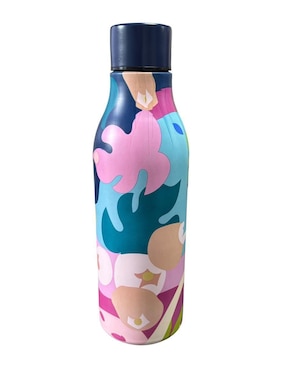 Termo Macarena Brand de acero inoxidable edición multicolores con tapa rosca 550 ml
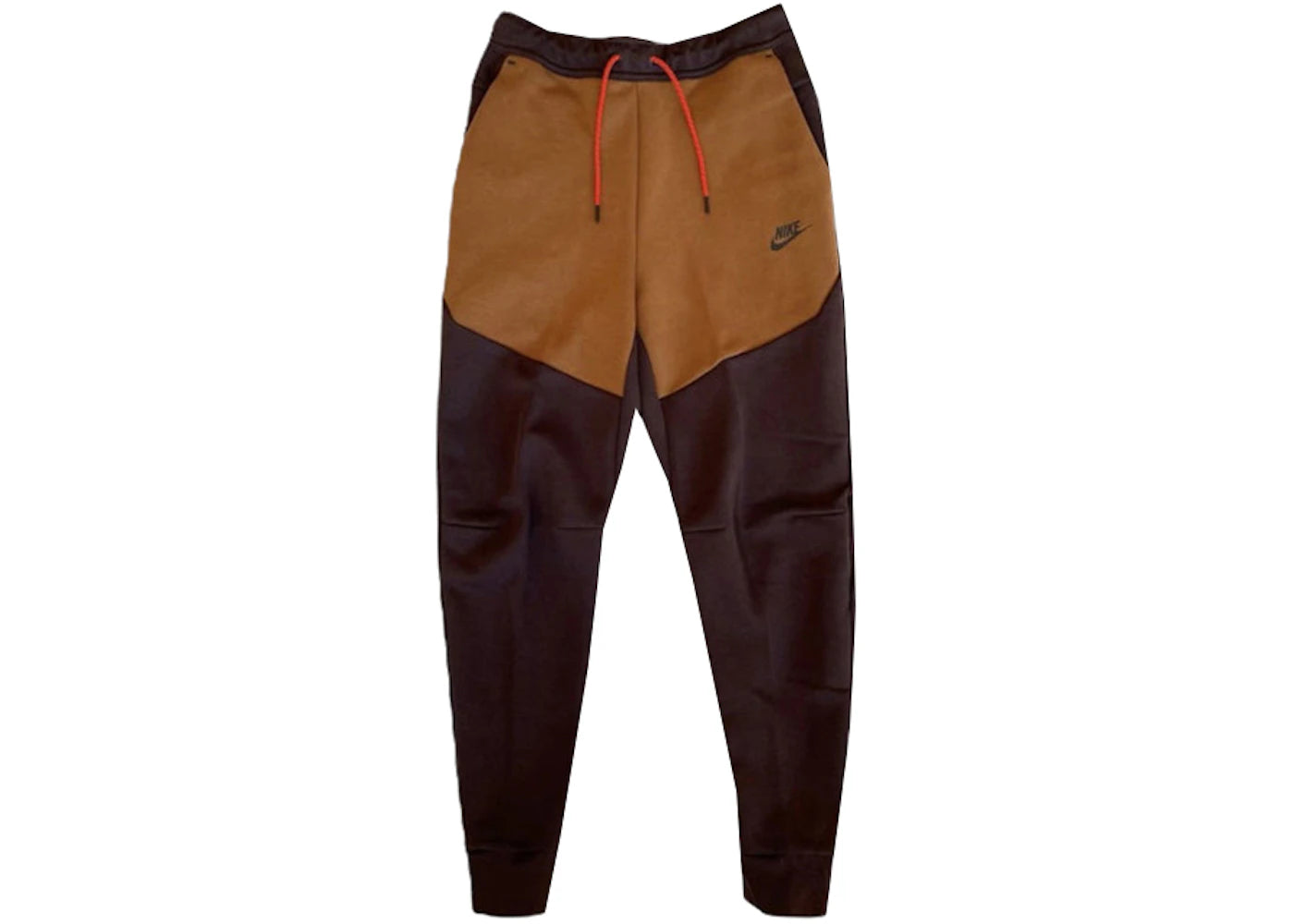 Nike Fleece Tech Lounge Pants Brown Basalt/Pecan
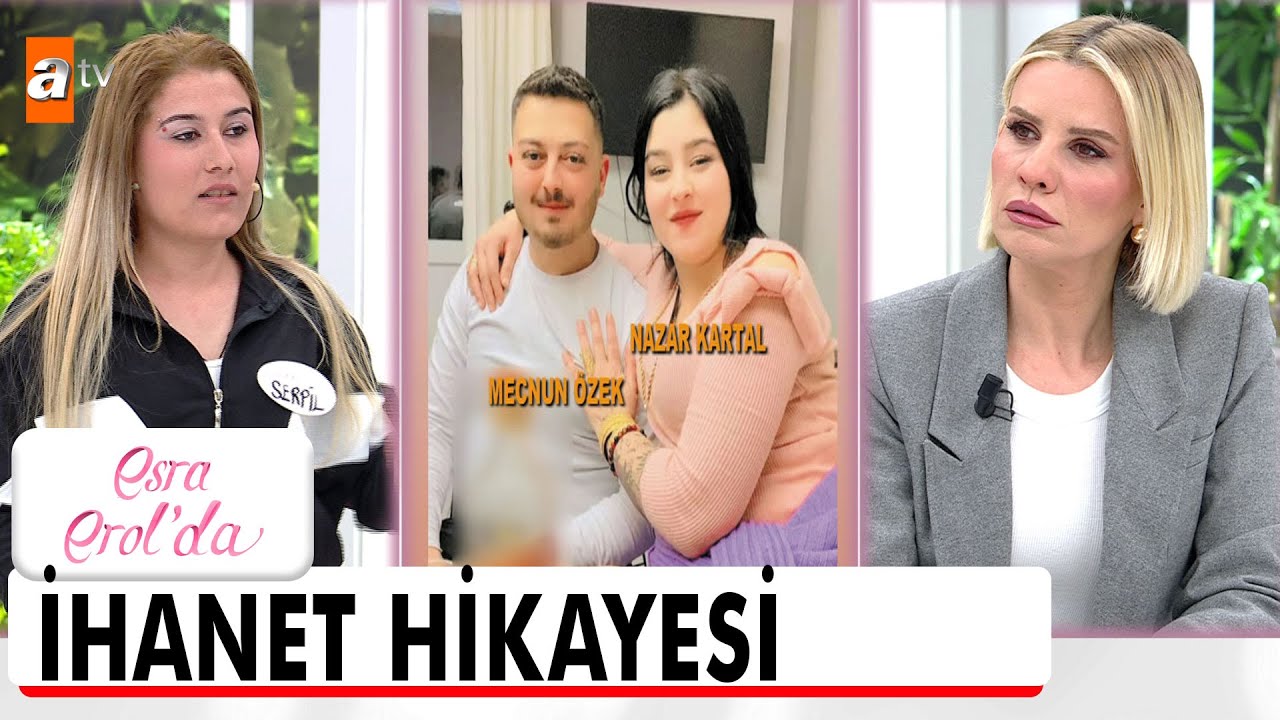 Evime girip yemeğimi yedi, sonra kocamı çaldı! - Esra Erol'da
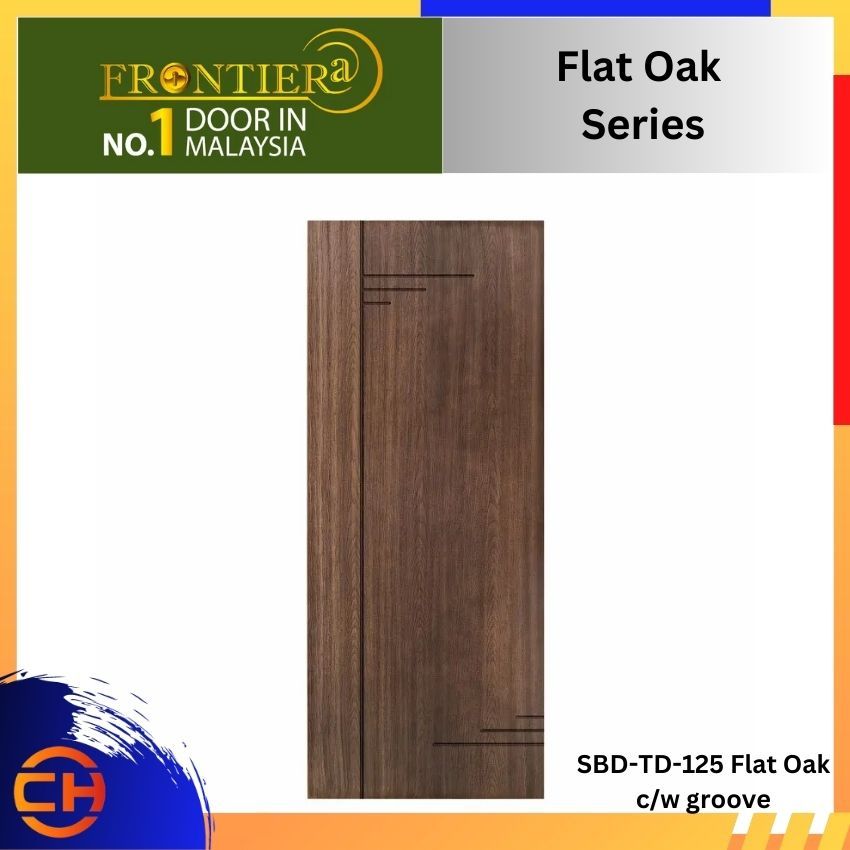 FRONTIERA Flat Oak Series (SBD-TD-125 Flat Oak c/w groove)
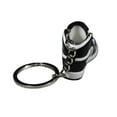 thumbnail image 4 of DSK GLOBAL Nike Jordan Mini Shoe Keychain  Sneaker Party Favors Pendant Keyring  Rubber Black & White, 4 of 7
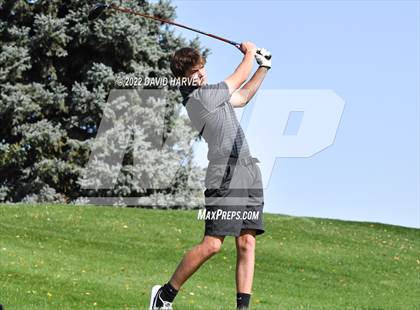 Thumbnail 1 in 3A State Championships Boys Golf Day 2 photogallery.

======

▸ What you need to do
Transcribe all records verbatim and omit each image.

▸ Response
 Termo Macarena Brand de acero inoxidable edición multicolores con tapa rosca 550 ml
 Nike Fleece Tech Lounge Pants Brown Basalt/Pecan
 Evime girip yemeğimi yedi, sonra kocamı çaldı! - Esra Erol'da
 FRONTIERA Flat Oak Series (SBD-TD-125 Flat Oak c/w groove)
 thumbnail image 4 of DSK GLOBAL Nike Jordan Mini Shoe Keychain  Sneaker Party Favors Pendant Keyring  Rubber Black & White, 4 of 7
 Thumbnail 1 in 3A State Championships Boys Golf Day 2 photogallery.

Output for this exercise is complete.